I’ve always admired Munch’s The Scream and, for years, had an A4-sized print torn from a 1970s magazine framed and hanging on the wall of my study. I consider it one of my three masterpieces and will say more about it shortly. More recently, I have been introduced to two other artistic works, one a sketch – Rembrandt’s sketch of A Child Being Taught to Walk – and the other a painting – Goya’s haunting image of The Dog. My introduction to Rembrandt’s sketch occurred in a film, whereas Goya’s painting was in a novel. Let me start with the Rembrandt sketch.

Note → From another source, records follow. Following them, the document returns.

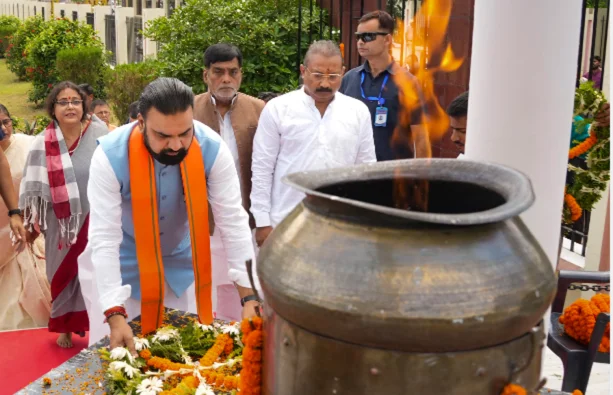 CM Samrat pays tributes to 7 Bihar martyrs of Quit India Movement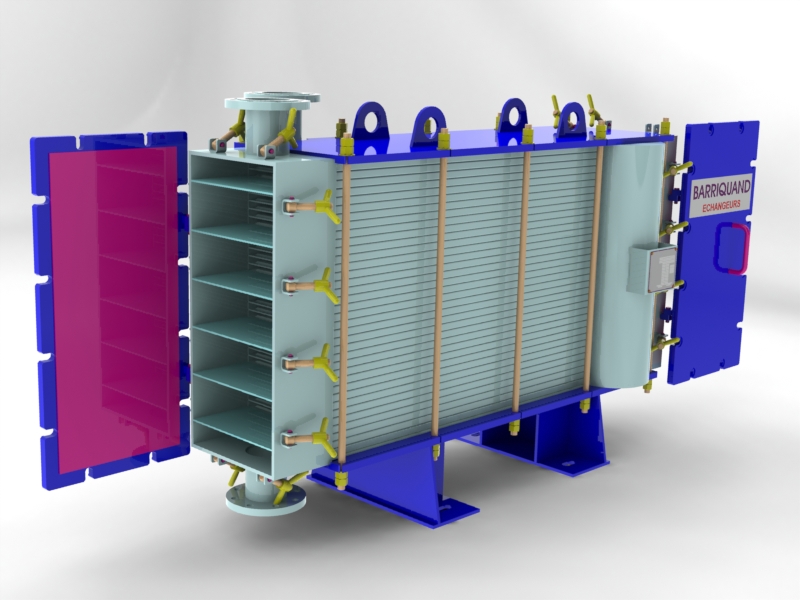 比利時(shí)BARRIQUAND全焊接寬流道板式換熱器S42-1C10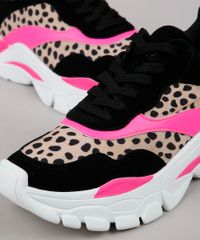Tenis-Chunky-Feminino-Oneself-com-Recortes-Estampado-Animal-Print-Rosa-9659424-Rosa_5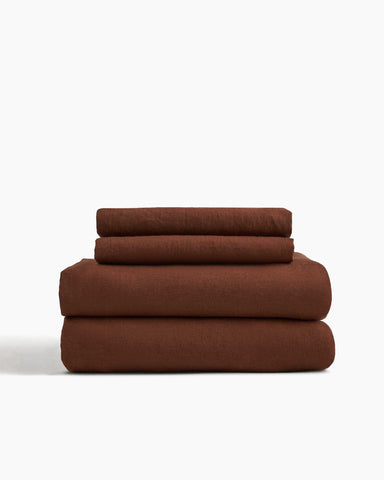 100% Pure European Linen Sheet Set - 4 Piece Sets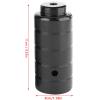 1 Pair Aluminum Alloy Pegs Anti Skid Foot Pedals Mountain Stands Large Load Capacity for BMX view 2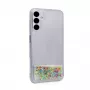 iLike Samsung Galaxy A14 5G Silikonhülle Water Glitter Rainbow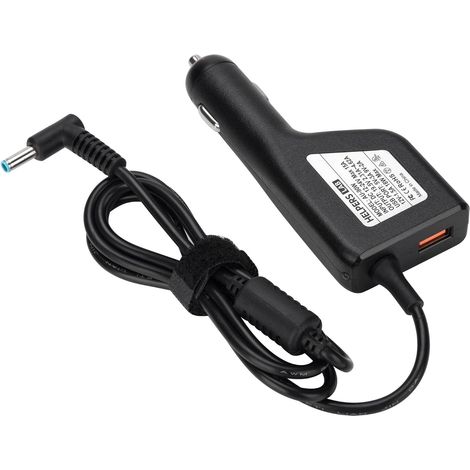 Chargeur, 19,5V 2,31A 45W avec QC3.0 USB Port Alimentation pour Ordinateur Portable HP Stream 11 13 14 Probook 430 G3 G4 G5 Elitebook Spectre Pavilion X360 (1/5)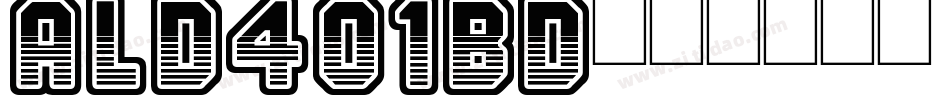 Ald401Bd字体转换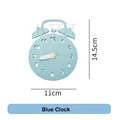 Blue Alarm Clock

Rembrandt, A Child Being Taught to Walk

A Child Being Taught to Walk
Rembrandt 1656
British Museum, London

I came across this sketch while watching the film, The Artist and the Model ((El Artista y la Modelo), directed by Fernando Trueba in 2012 and featured in one of my Movies for Movie Buffs posts. In the film, the elderly artist (played by veteran French actor, Jean Rochefort) picks up a postcard bearing Rembrandt’s sketch and, in the space of just over four minutes, explains the brilliance of Rembrandt’s skills to the model (played by Spanish actress, Aida Folch). I was fascinated by the artist’s explanation. Here it is, extracted from the subtitle file that accompanies this film.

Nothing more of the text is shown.